В действительности, сравнение фонового пространства с видом вазы на черной бране натолкнула Малдасену на открытие AdS/CFT-соответствия: идея, которая лишила инвариантности струны, частицы и измерения, идея, которая в точности показала, как работает голографический принцип.

– Открытая Малдасеной дуальность показала, что калибровочная теория, которую, как мы думаем, мы понимаем очень хорошо, и теория струн, про которую никто не думает, что понимает ее хорошо, – на самом деле одна и та же теория, – сказал Полчински. – И это потрясающе. Это самая глубокая вещь из всего, что мы знаем о гравитации.

«Самая глубокая вещь, которую мы знаем о гравитации, – нацарапала я, – что она возникает как голографическая проекция. Что это иллюзия. Что она не реальна».
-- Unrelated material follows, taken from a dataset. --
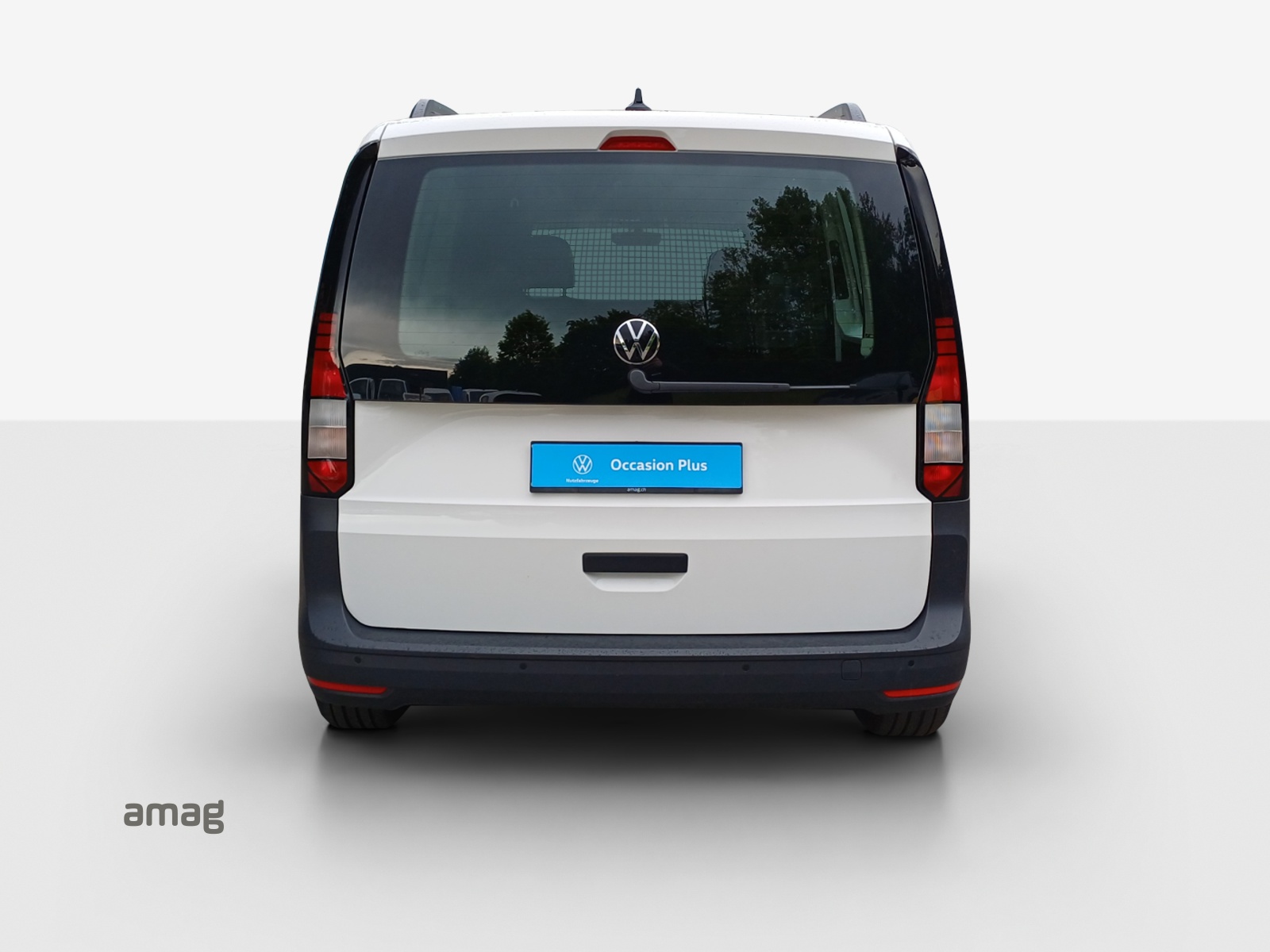 VW Caddy Cargo 2.0TDI 4Motion-image-3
– Значит ли это, что квантовая физика и пространство-время – два способа посмотреть на одно и то же? – спросила я.

– Ну, между этими двумя существует определенная конкуренция, и голография означает, что квантовая механика побеждает, – сказал он. – Квантовая теория остается неизменной. А взгляд на природу пространства-времени меняется.

– Потому что оно больше не инвариант?

– Вот именно, – сказал Полчински. – Пространство-время больше не считают фундаментальным.
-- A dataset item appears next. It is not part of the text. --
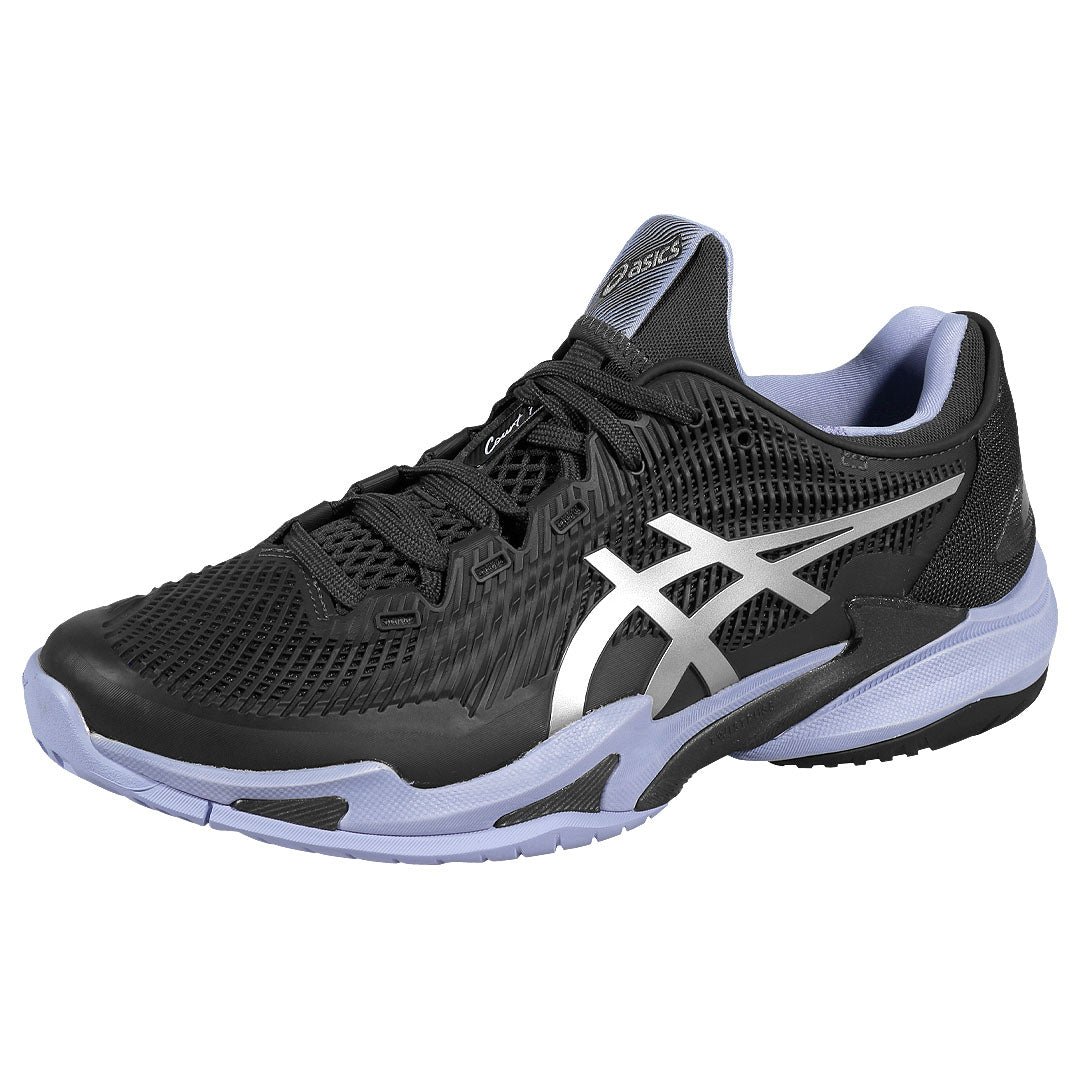 Asics Men's Court FF 3 - Night Energy - Graphite Grey/Pure Silver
Открытие D-бран привело не только к AdS/CFT-соответствию, оно также предвосхитило так называемую вторую суперструнную революцию. Первая революция произошла тогда, когда Шварц и Грин поняли, что теория струн была теорией квантовой гравитации. Это был крупный шаг вперед – до тех пор, пока не были открыты пять теорий квантовой гравитации, и прогресс в этой области застыл в ожидании очередной революции.
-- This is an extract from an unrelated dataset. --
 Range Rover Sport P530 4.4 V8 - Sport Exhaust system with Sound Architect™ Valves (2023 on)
Вторая революция началась в 1995 году, когда Эд Виттен предположил, что все пять струнных теорий могут быть разными аспектами одной и той же теории, которую он назвал M-теорией. Но только после того, как Полчински открыл D-браны, он смог это доказать.

Воспользовавшись D-бранами, Виттен сумел вывести все пять теорий струн из единой М-теории. На самом деле, чтобы сделать это, он должен был включить в М-теорию еще одну теорию. Только это была не теория струн. Это была теория, известная как супергравитация.

Супергравитация появляется в теории, когда вы вводите в нее суперсимметрию локально, а не глобально. Я уже понимала, как локальная симметрия работает в калибровочной теории: на волновую функцию можно смотреть под разными углами, при этом у нее должна меняться фаза. Однако из-за того что скорость света конечна, изменение фазы волновой функции не может произойти во всем пространстве сразу, и она меняется локально. В результате фаза в разных точках оказывается рассогласованной, что мы интерпретируем как присутствие взаимодействия или силы.

Суперсимметрия – это симметрия, которая позволяет вам заменять в теории фермионы бозонами, и наоборот, но и тут конечность скорости света запрещает вам проделывать это во всем пространстве одновременно. Это означает, что если фермионы и бозоны поменялись местами в вашей системе координат, то из этого еще вовсе не следует, что то же случилось с ними и в любой другой. Снова возникает рассогласование, и вам требуется какая-то сила, чтобы залатать брешь. Какая сила нужна для починки суперсимметрии? Как ни удивительно, это гравитация. Только теперь гравитону требуется суперсимметричный партнер, гравитино. Вместе гравитон и гравитино образуют новое взаимодействие – супергравитацию.